My whole family approved of this, which is nothing short of a miracle. 🙂 Best of all, with this I have finally achieved my dream of making homemade ranch dressing that I actually want to dip veggies in!! 10 stars!!!!
Both vegan and nut-free (cashews and other nuts are out)! I love the taste, too! Thank you so much, as I’ve had to skip most dairy free vegan replacements because of my nut allergy. I can enjoy this with no guilt and no epipen !
Hi Jen, I’m so glad you enjoyed it!
This is amazing!!! I have made regular mayo for years but cutting out 99.9% of dairy from our diet, this recipe is far from a disappointment. My greatest joy is my husband loving everything I’ve made including going 100% gluten free. He’s lost over 60 pounds and I’m down 40. You are my first go to for anything vegan. I haven’t felt this inspired by food for a really long time. Thank you
Hi Tami, I’m so glad you loved the recipe!
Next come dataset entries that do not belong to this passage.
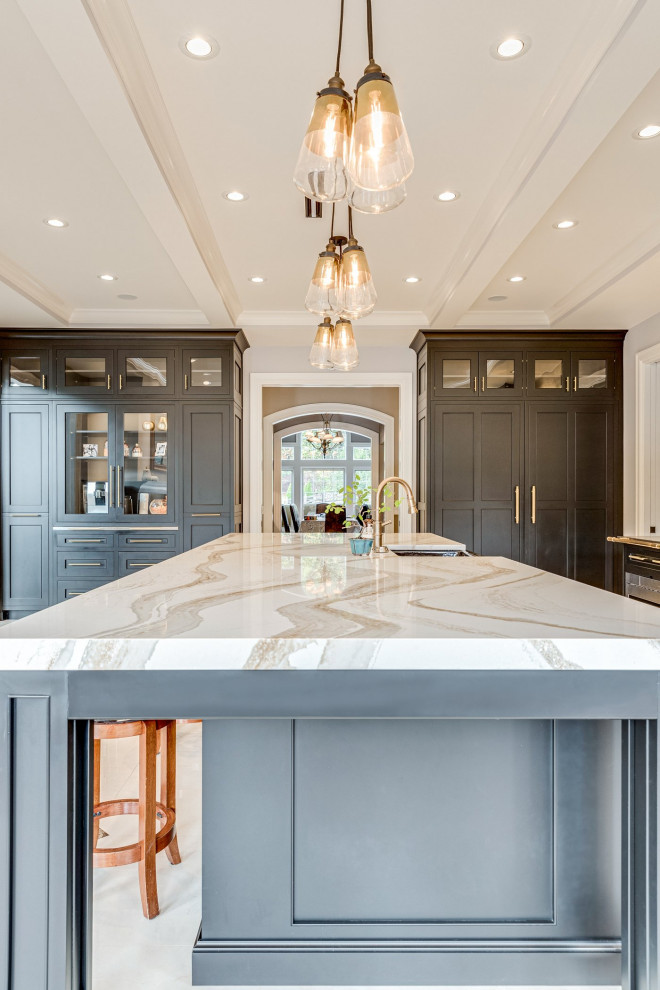 Example of a huge tuscan galley marble floor and multicolored floor eat-in kitchen design in Baltimore with a farmhouse sink, beaded inset cabinets, black cabinets, quartz countertops, beige backsplash, marble backsplash, black appliances and an island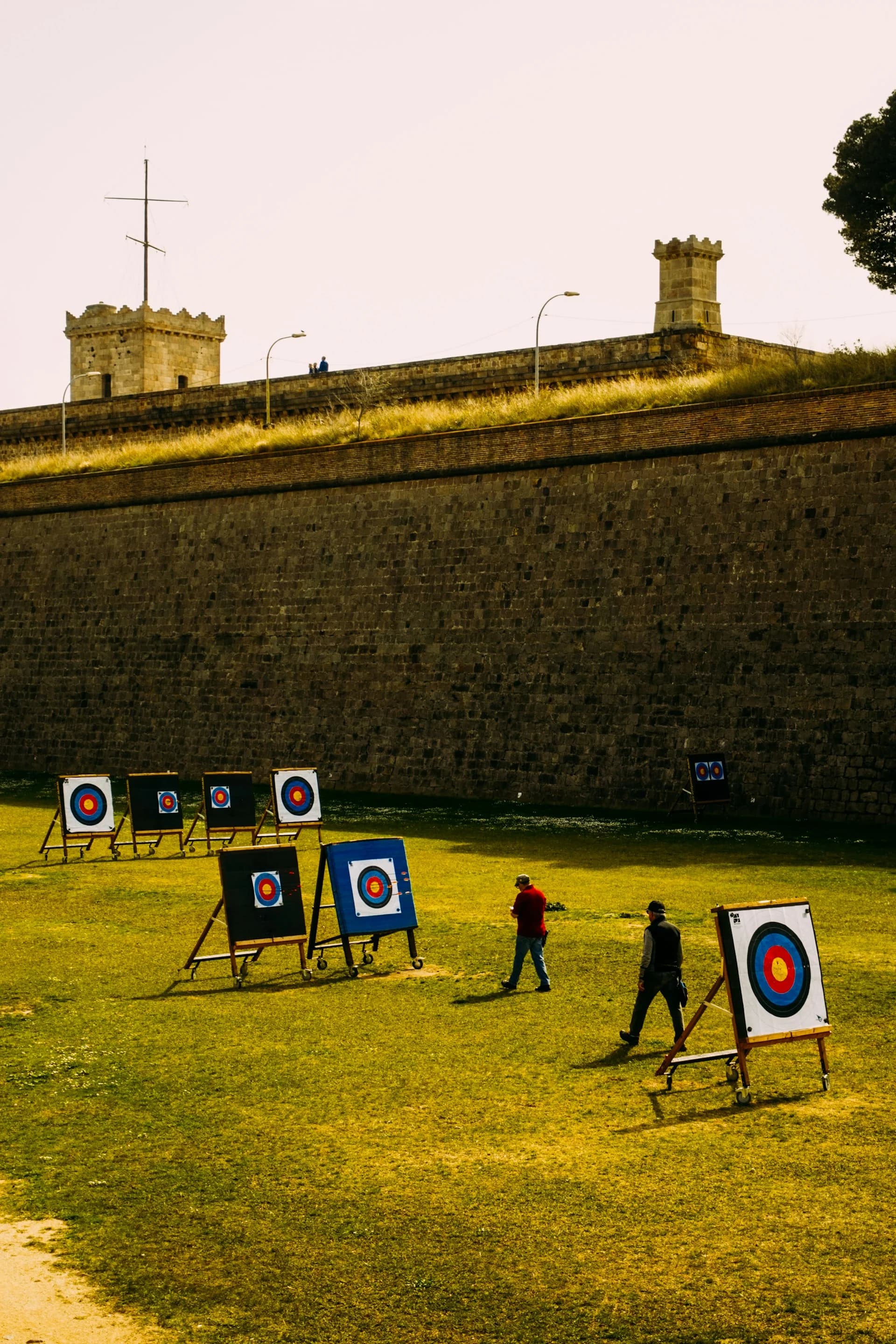 peoples walking to the targets in an archery range next to a fortress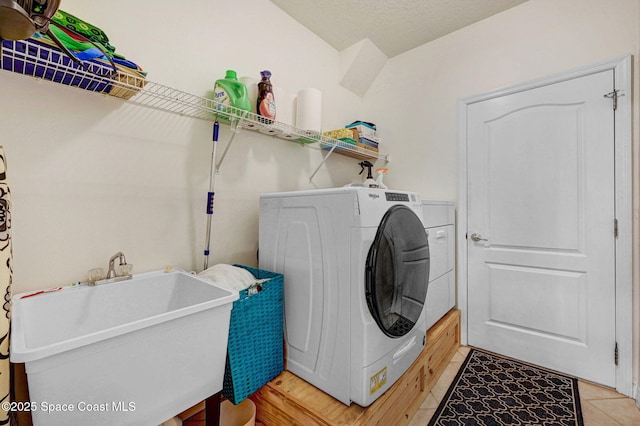 laundry area with a textured ceiling, laundry area, washer / clothes dryer, and a sink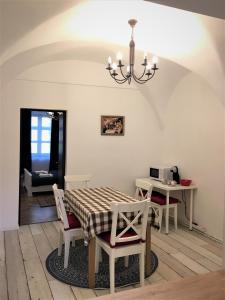 una sala da pranzo con tavolo, sedie e lampadario pendente di White Wolf Apartment a Braşov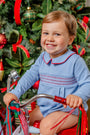 A smiling toddler wears a Long Sleeve Bradford Bubble - Barrington Blue with Richmond Red Smocking while sitting on a red tricycle in front of a Christmas tree.
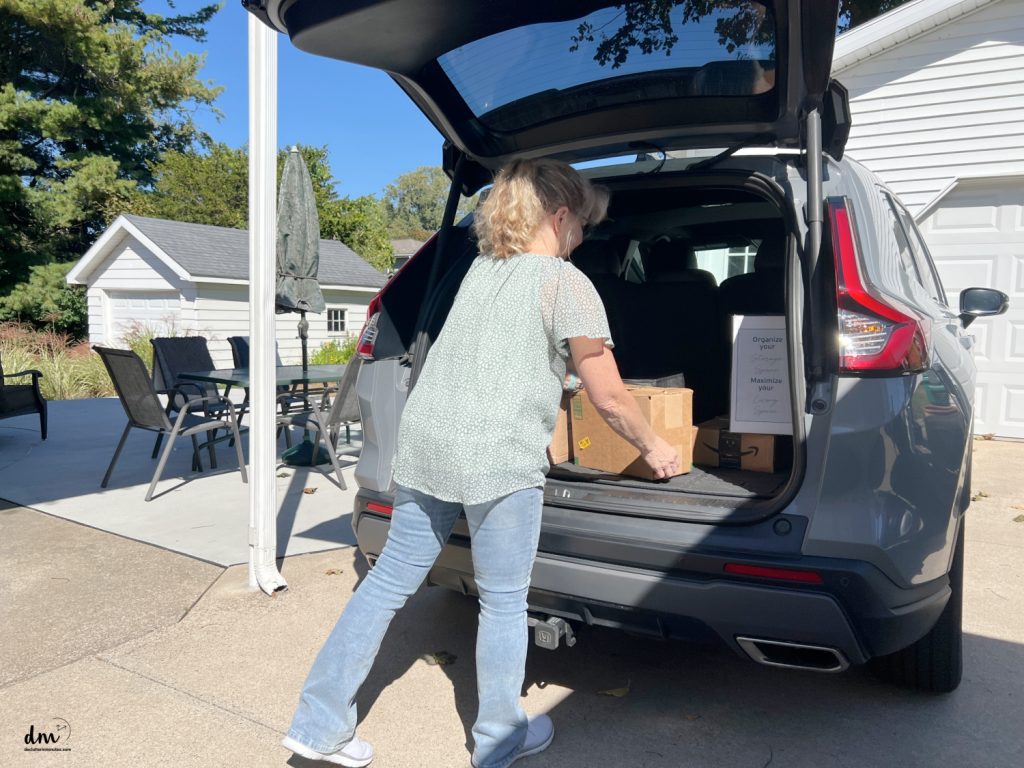 a woman putting donation boxes into the back of her car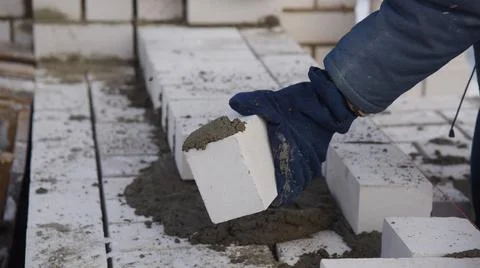 A bricklayer in winter on a construction site aligns bricks laid in cement. 스톡 사진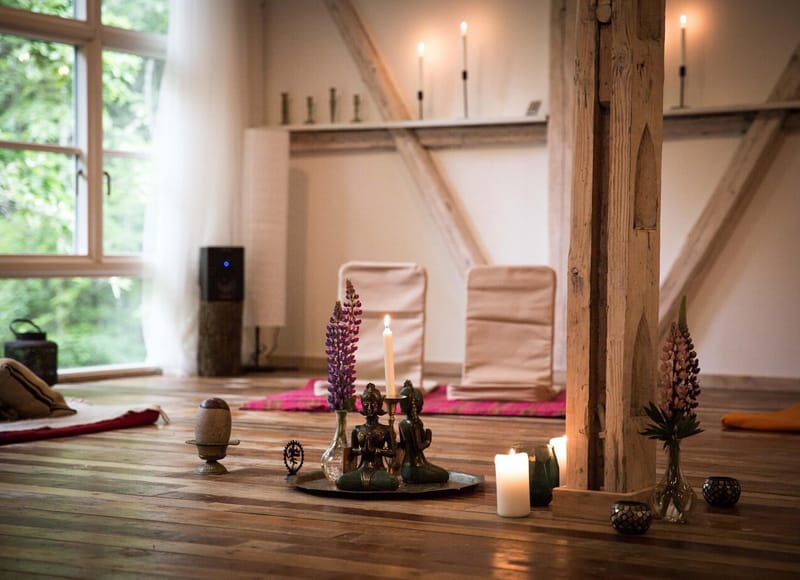 Yogasalen med tændte stearinlys, lupiner og morgenlys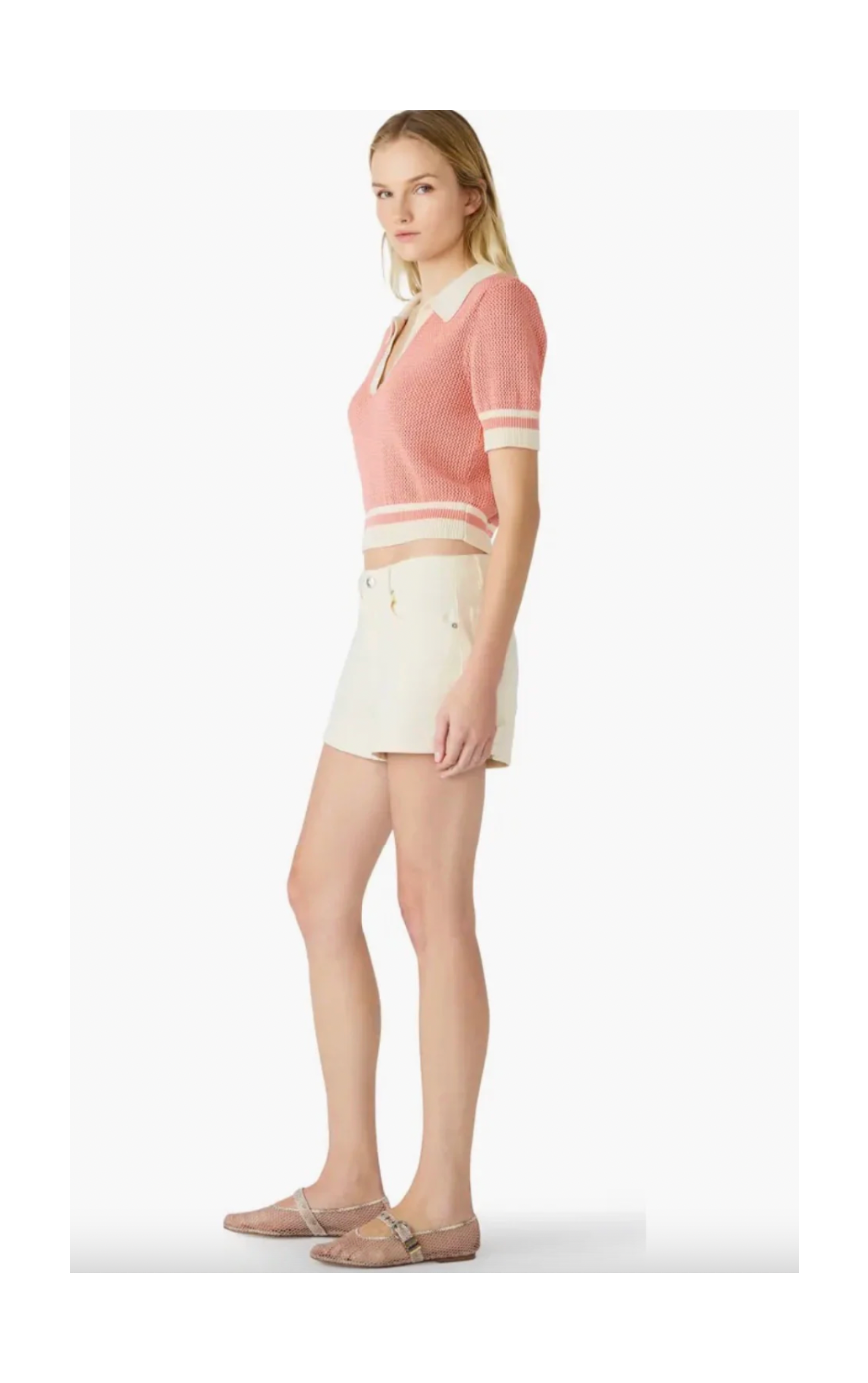 Woman wearing a pink knit top and white shorts on a white background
Wow, genius recipe. Watching the mayo whip up feels like magic. We’ve made it two times now, and we were successful both times. I tried it with avocado oil, and it worked well. You’re right, olive oil (even one with a milder, more neutral flavor) has a very robust flavor. Looking forward to trying other dips on your website.
Ha, isn’t it crazy?! I’m so glad you enjoyed it.
Worked very well, although I couldn’t manage to incorporate all the oil. I used my Vitamix. Once the mayo was too stiff to accept any more oil, I stopped. I added a clove of garlic at the beginning. Delicious as a base for potato salad. Rave reviews. Thank you!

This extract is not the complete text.